21-27 June 2013 #661

#GenderViolence

Social media spreads the message quick, but cannot replace grassroots activism
Trishna Rana
When the Arab Spring erupted in 2011, social media was the catalyst that unified demonstrators and accelerated the movement. Since then netizens around the world began seeing social media as an alternative means to inspire grassroots movements and help find solutions to issues from poverty to unemployment to violence against women.

As experts and activists gathered in Kathmandu this week to discuss the progress made in understanding and reducing violence against women, the conversation kept returning to the role of social media. How can platforms like Twitter, Facebook, YouTube, and blogs be utilised to educate and engage men and women about domestic violence and rape? Is it possible to translate online activism to a change in values offline?

Away from the purview of traditional mainstream media, social media has helped democratise Nepal’s public sphere and provided an outlet to large groups of otherwise unheard voices. However, in a country where the entire discourse on gender is driven by a middle class, Kathmandu-centred understanding and issues of representation have been deeply problematic, social media might actually widen the gap between women who are suffering and those who chose to speak on their behalf.

Currently a quarter of Nepal’s population has access to the internet. There are 1.45 million facebook users and a couple thousand active on twitter (most of them men). In this confined space, who gets to decide what constitutes violence, who gets to decide which ‘forms’ of violence are more ‘pressing’ and need greater attention? Like Urmila Chaudhary, a former kamalari, asked at the conference where were netivists when kamalaris were baton charged by the police in the middle of the capital for demanding justice?

As we reported in this paper last week, a group of ordinary women in Bageswor, Accham district successfully mobilised their community to put an end to Chhaupadi – a humiliating and harmful practice of sending women to live in cow-sheds during periods or childbirth. Women like them help change attitudes at the grassroots level, but in the realm of social media their efforts are reduced to simplistic VAW and GBV hashtags.

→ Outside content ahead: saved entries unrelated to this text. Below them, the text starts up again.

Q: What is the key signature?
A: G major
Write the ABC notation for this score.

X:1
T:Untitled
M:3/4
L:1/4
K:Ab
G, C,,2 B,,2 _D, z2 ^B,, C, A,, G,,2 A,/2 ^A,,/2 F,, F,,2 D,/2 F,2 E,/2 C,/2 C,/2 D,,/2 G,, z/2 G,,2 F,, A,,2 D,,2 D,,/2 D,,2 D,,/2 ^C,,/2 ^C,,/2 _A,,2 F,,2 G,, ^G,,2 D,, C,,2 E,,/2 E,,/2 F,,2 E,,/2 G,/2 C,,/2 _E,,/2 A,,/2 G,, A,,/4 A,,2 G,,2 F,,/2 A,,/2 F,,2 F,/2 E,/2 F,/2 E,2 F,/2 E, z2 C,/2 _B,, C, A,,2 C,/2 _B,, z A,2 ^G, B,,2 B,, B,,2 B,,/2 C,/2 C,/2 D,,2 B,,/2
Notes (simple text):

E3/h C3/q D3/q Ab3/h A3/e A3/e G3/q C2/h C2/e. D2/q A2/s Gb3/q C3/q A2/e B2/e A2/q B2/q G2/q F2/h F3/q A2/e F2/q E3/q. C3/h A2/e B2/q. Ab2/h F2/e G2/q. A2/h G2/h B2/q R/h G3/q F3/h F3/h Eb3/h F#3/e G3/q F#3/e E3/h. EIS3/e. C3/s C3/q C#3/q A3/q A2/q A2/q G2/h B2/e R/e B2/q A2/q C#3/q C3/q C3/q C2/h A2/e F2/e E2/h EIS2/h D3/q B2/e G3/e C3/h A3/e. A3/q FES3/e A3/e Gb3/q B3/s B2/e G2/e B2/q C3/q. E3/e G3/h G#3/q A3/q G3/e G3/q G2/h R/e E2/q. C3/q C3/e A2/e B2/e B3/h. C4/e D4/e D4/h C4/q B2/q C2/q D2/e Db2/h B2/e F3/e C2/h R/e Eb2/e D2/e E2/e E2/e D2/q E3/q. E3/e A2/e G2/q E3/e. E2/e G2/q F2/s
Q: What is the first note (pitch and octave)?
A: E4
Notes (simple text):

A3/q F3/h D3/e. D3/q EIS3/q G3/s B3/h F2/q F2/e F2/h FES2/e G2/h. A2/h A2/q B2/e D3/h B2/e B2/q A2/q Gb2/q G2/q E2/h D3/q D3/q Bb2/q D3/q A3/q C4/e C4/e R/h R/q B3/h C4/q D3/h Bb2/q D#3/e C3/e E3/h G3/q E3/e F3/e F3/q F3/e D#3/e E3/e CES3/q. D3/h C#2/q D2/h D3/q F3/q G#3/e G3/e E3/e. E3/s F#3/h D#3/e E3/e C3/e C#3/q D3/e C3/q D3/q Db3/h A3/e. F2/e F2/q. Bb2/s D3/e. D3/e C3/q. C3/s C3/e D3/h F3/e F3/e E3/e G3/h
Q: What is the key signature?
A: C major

One way of stamping out gender violence is to have longer, persistent dialogues that seek to change the patriarchal value systems of an entire generation. But a medium where what is news right now is relegated to the annals of the internet an hour later and where users are known for their notoriously short attention span, might not be the best place to carry out meaningful discussions.

For four months, the Occupy Baluwatar movement managed to stir up urban Nepalis’ conscience and every morning a small yet loyal base of supporters kept showing up outside the PM’s residence demanding for justice for Sita, the young woman who was robbed and raped by immigration officials on return from Saudi Arabia, and others like Chori Maya Maharjan. After Khil Raj Regmi promised to fast-track the cases and provide justice to victims and their families, the protests were suspended in mid-April.

Today the core group of campaigners is still actively involved with Sita and Chori Maya’s court cases and updates the Twitter page regularly, but the larger debate seems to have fizzled out. While the movement was successful in convincing like-minded Nepalis to come together through Twitter and Facebook, it also exposed the inherent weakness of social media: make people “stick around for the longer conversation”.

When a woman is raped or beaten, forced to abort, or made to sleep in cow-sheds, she needs supportive family, friends, and community members, strong laws, and a sensitive and efficient justice system.

Creating this system should be the focus of both the state and organisations working to promote gender equity. Social media, though an important messenger, comes second.